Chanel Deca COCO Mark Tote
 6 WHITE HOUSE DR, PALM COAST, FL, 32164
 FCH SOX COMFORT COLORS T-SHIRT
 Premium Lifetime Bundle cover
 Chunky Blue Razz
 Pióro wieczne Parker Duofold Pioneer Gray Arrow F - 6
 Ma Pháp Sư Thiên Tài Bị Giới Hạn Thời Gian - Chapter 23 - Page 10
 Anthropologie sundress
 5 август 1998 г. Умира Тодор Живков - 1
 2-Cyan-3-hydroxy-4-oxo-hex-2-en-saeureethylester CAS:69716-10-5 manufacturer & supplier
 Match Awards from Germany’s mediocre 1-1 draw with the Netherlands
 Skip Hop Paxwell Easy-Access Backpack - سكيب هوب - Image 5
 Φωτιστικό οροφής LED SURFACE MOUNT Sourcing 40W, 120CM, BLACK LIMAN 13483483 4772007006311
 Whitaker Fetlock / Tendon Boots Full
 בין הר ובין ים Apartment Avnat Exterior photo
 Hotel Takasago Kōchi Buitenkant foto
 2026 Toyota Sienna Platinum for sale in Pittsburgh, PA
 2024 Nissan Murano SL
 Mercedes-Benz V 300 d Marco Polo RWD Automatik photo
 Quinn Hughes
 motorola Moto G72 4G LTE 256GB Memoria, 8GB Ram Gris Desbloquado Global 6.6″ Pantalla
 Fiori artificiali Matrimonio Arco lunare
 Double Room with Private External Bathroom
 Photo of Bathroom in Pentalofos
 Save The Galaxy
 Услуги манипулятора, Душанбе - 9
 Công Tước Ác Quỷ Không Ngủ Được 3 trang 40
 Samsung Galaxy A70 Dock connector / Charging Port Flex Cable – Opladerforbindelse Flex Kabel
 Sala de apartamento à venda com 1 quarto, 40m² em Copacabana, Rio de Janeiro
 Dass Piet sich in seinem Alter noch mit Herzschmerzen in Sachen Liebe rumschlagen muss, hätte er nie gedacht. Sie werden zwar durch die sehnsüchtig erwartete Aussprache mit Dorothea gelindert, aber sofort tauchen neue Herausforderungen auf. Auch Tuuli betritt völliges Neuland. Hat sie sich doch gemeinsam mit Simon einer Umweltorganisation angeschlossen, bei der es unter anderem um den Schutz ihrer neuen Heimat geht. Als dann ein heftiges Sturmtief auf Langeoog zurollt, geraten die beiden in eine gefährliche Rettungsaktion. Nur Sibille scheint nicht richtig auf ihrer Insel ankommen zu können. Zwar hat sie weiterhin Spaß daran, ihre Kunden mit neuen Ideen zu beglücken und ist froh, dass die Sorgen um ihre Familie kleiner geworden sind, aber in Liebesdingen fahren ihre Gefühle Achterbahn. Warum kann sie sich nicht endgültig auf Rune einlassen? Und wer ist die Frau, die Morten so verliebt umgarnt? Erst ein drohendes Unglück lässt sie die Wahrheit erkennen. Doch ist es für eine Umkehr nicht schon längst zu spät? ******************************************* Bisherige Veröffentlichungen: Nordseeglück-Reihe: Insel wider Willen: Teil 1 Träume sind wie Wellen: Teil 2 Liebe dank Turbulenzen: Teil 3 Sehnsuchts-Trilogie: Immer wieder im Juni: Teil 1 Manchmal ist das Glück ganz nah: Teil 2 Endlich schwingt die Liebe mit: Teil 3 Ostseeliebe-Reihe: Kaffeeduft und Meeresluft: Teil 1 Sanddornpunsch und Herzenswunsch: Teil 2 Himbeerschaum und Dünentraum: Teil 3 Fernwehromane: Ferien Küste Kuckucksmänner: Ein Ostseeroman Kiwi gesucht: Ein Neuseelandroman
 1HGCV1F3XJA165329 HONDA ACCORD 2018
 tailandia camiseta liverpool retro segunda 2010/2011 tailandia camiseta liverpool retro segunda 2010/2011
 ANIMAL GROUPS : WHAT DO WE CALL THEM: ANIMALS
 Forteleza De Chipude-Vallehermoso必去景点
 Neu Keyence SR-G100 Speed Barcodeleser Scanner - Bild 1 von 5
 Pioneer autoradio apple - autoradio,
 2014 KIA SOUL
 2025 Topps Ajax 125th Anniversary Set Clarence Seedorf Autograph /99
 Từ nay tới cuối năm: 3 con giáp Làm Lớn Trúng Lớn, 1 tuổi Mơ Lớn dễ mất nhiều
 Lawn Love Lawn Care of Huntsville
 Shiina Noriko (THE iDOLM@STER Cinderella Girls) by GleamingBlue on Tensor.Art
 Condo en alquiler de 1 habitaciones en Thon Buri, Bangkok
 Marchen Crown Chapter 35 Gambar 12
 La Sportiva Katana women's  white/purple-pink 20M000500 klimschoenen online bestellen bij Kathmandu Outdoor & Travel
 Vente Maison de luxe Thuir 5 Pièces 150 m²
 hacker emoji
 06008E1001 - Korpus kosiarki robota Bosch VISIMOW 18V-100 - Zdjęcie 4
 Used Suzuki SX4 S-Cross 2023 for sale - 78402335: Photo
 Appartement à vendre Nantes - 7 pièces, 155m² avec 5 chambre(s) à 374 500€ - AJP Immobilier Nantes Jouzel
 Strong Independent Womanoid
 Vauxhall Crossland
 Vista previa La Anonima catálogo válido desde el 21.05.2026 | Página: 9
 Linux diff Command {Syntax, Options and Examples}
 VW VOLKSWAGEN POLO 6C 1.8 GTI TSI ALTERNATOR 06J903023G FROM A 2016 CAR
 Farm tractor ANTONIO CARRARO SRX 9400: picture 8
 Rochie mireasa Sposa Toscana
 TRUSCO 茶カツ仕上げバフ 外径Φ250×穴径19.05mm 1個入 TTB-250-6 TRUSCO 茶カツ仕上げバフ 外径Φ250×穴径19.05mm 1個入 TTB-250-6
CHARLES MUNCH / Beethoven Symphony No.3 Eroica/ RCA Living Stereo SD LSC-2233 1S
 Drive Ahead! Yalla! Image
_____
■ WORK INSTRUCTIONS ■
Would you print exactly, and only, the lines of the data above from the line with "Samsung Galaxy A70" through the line with "Sala de apartamento", inclusive?

■ OUTPUT ■
 Samsung Galaxy A70 Dock connector / Charging Port Flex Cable – Opladerforbindelse Flex Kabel
 Sala de apartamento à venda com 1 quarto, 40m² em Copacabana, Rio de Janeiro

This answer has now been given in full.